You are viewing a plain text version of this content. The canonical link for it is here.
Posted to user@zookeeper.apache.org by Jung Young Seok <ju...@gmail.com> on 2014/04/29 10:30:33 UTC

Regarding large number of watch count

Dear Zookeeper-user,

We have 3 zookeeper node clustered.
The zookeeper is used as application lock coordinator.
Client creates node(key) when it needs lock then release and delete the
node(key) when the usage is done.

Strangely, zk_watch_count has been increased.
In case of leader, zk_watch_count reached 6804.

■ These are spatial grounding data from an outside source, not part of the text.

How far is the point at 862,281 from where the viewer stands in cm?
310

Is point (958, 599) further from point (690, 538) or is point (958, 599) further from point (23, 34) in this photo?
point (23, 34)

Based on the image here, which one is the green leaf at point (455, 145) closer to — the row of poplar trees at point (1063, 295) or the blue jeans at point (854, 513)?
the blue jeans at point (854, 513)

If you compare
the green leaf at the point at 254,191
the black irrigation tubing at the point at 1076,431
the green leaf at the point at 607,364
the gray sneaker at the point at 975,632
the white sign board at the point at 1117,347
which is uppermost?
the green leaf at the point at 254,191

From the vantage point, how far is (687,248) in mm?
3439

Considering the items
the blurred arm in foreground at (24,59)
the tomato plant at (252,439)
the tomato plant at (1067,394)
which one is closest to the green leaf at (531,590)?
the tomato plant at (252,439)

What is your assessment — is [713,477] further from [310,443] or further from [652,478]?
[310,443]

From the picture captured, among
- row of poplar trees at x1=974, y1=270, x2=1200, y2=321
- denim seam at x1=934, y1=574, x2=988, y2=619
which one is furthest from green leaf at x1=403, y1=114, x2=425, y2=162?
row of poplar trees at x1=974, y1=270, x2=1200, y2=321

==================================================================
Detailed information is below. (mntr)

1. Zoo-1 (Follower)
Status Information: OK Zookeeper State : follower zk_avg_latency 2
zk_max_latency 215 zk_min_latency 0 zk_packets_received 9001127
zk_packets_sent 9027569 zk_num_alive_connections 3 zk_outstanding_requests
0 zk_server_state follower zk_znode_count 12 zk_watch_count 1786
zk_ephemerals_count 2 zk_approximate_data_size 525
zk_open_file_descriptor_count 29 zk_max_file_descriptor_count 4096
Performance Data: zk_version 3.4.6-1569965, built on 02/20/2014 09:09 GMT
2. Zoo-2 (Follower)
Status Information: OK Zookeeper State : follower zk_avg_latency 0
zk_max_latency 6 zk_min_latency 0 zk_packets_received 3539 zk_packets_sent
3538 zk_num_alive_connections 2 zk_outstanding_requests 0 zk_server_state
follower zk_znode_count 12 zk_watch_count 0 zk_ephemerals_count 2
zk_approximate_data_size 525 zk_open_file_descriptor_count 28
zk_max_file_descriptor_count 4096 Performance Data: zk_version
3.4.6-1569965, built on 02/20/2014 09:09 GMT
3. Zoo-3 (Leader) Status Information: OK Zookeeper State : leader
zk_avg_latency 1 zk_max_latency 214 zk_min_latency 0 zk_packets_received
21575604 zk_packets_sent 21638420 zk_num_alive_connections 4
zk_outstanding_requests 0 zk_server_state leader zk_znode_count 18
zk_watch_count 6804 zk_ephemerals_count 5 zk_approximate_data_size 954
zk_open_file_descriptor_count 32 zk_max_file_descriptor_count 4096
zk_followers 2 zk_synced_followers 2 zk_pending_syncs 0 Performance Data:
zk_version 3.4.6-1569965, built on 02/20/2014 09:09 GMT

==================================================================

My questions are,
1. Is it normal case that zk_watch_count reached 6804?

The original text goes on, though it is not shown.